7 冬樹の目覚め

冬樹が何やら不快な夢を見たのは、連休明けの未明のことであった。


どこか山奥の獣道を歩いていた。高い樹々が周囲には生い茂っており、湿っぽい土の臭いが鼻をくすぐっている。いつから歩き続けているのかは分からない。けれども冬樹は、自分が山頂へ向かっていることを知っていた――随分と高い処を歩いていることや、山頂が近いらしいことも。


しばらく歩き続けていると、やがて開けた場所に出た。


そこには高さ二、三メートルほどの、苔生した磐座いわくらが立っていた。


磐座の上には、餓鬼がきに似た生物が群がり、うごめいている。


アーモンド形の眼をした、肌色で禿頭の生物だ。手足は細く、磐座の側面を蜘蛛のように這っている。

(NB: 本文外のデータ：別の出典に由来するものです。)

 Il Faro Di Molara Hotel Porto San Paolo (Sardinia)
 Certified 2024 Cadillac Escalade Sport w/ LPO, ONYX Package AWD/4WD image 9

恐る恐る磐座に近づく。その一面には、渦巻きを連ねたような模様が彫られていた。直感的に、自分は伊吹山の頂上にいるのだと理解する。以前から、伊吹山の頂上には、何かの古代遺跡がある気がしていたのだ。


お前達は何だ――と冬樹はその生物達に訊ねる。


我々は喰われた者だ――というようなことを、その生物は答えた。


――我々は、元は人間であったのだ。それが不遇にして神に喰われ、生けるしかばねとしてこの姿に変えられた。今はどこにも行けぬまま、ここで苦しんでいるしかない。


途端に、冬樹は目を覚ました――かのように思えた。


しかし、実際は、目を覚ました夢を見ていただけだ。


ベッドの上に側臥よこねしたまま、身体を動かせなかった。視界の端には、真っ黒な闇に塗り潰された窓がある。


その闇の中から、何かが来た。


姿も形もない何者かである。ただかすかな跫音あしおとのみが聞こえる。


それは窓のサッシをまたぎ、部屋の中へと侵入して来た。生暖かい視線が冬樹の身体を撫でる。冬樹は耐えられなくなり、眼を閉じた。そうこうしているうちに、身体の上に、何か生暖かい手触りが感じられた。


冬樹はベッドから逃げ出したい気持ちでいっぱいだった。それなのに、どういうわけか身体が動かない。


何者かの存在に身体をまさぐられている。やがて、どこか遠くから潮騒が聞こえてきた。潮騒は、初めは小さかったが、次第に大きなものとなっていった。頭の中に一つのイメージが浮かんでくる。漆黒の闇を孕んだ波が、力強く、荒々しく、浜辺に打ち寄せていた。


そして冬樹は、本当の意味で目を覚ました。


窓の外には、薄紫色に棚引く東雲しののめがあった。


潮騒が耳に残っている。布団はしっとりと冷たい。目覚まし時計に目を遣ると、まだ六時の手前であった。起床時間までまだ一時間ほど残っている。けれども何やら恐ろしい不愉快感が身体に残っていて、とても微睡める気分ではない。


眠たい目を擦りつ、身体を起こした。


そして枕元に目を遣り、身を凍らせる。


握りこぶし大の髪の毛の塊があったからだ。


冬樹は自分の頭に手を遣った。ぱらぱらと、何本かの髪が落ちてくる。指先の感覚から察するに、どうやら禿が出来ているわけではないらしい。


けれども、どう考えてもこの抜け毛の量はおかしかった。まるで何者かが、冬樹の髪の毛を握って抜き取ったかのようだ。


冬樹は、つい先ほどまで見ていた夢の内容を思い出す。恐ろしく不愉快な夢であった。この抜け毛は、窓から侵入して来た者が抜き取っていったものではないかと感じる。しかし一方で――そのようなことがあるのだろうか、とも思う。夢の中に出て来た存在が、髪の毛を抜いてゆくなどということが。もしもそうであったのならば――。


一体何者が這入はいってきたというのだろうか。